## Task prompt
Don't include any picture when you restate the data word for word.

## Dataset content
──────

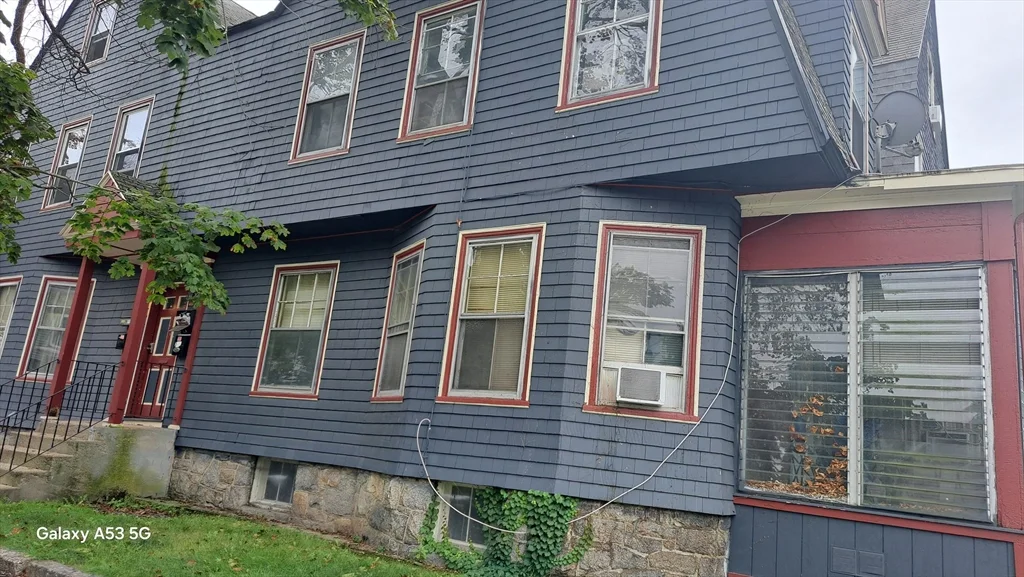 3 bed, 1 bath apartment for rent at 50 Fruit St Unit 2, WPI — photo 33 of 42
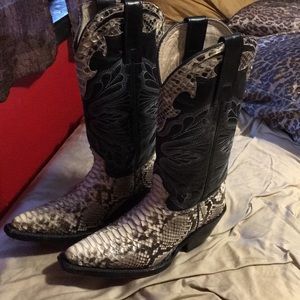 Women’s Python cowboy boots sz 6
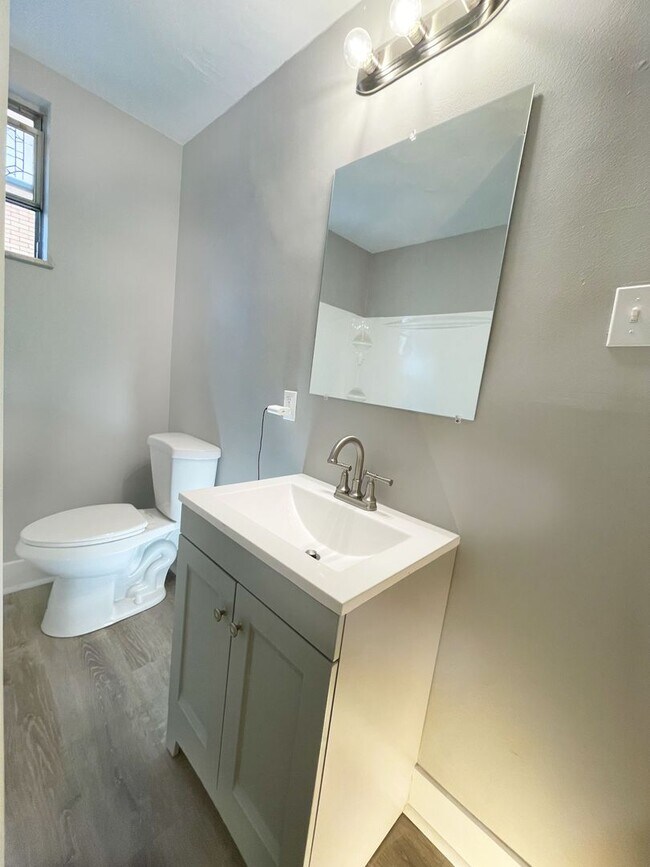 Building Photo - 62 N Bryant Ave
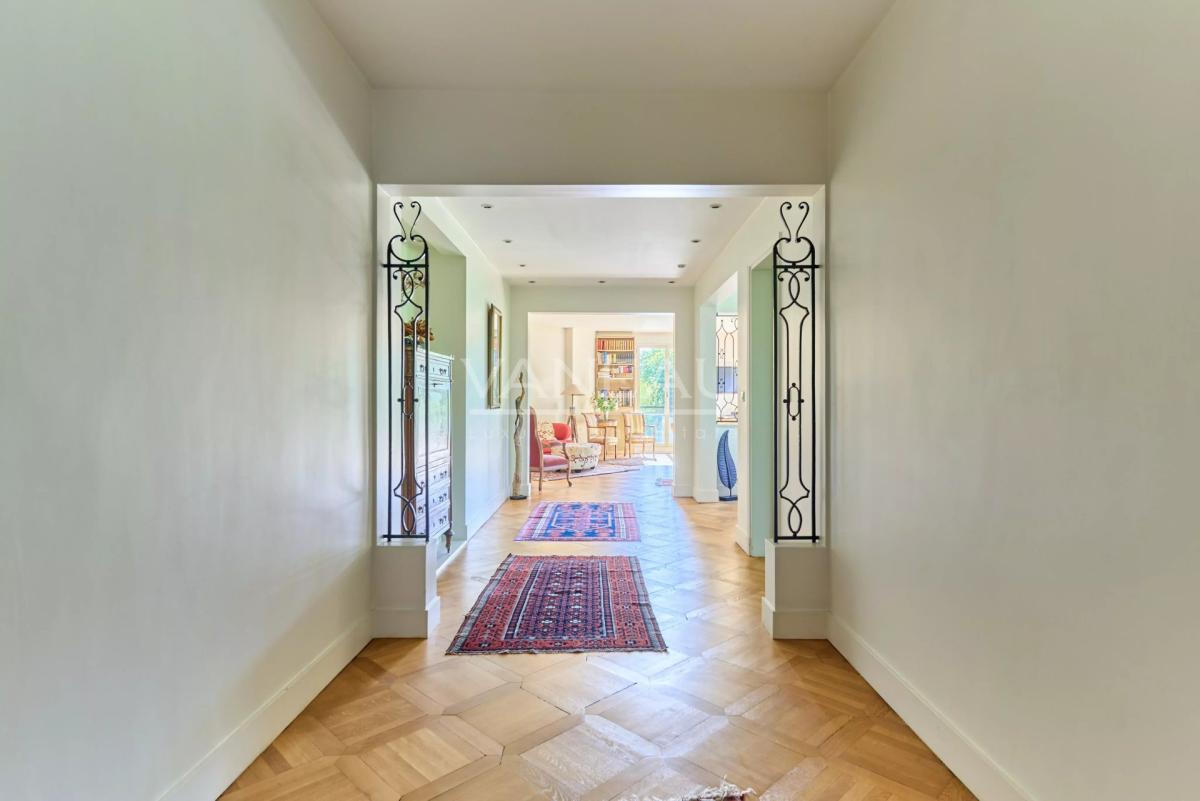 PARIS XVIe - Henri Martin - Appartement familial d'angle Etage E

──────

## Solution to this exercise
 3 bed, 1 bath apartment for rent at 50 Fruit St Unit 2, WPI — photo 33 of 42
 Women’s Python cowboy boots sz 6
 Building Photo - 62 N Bryant Ave
 PARIS XVIe - Henri Martin - Appartement familial d'angle Etage E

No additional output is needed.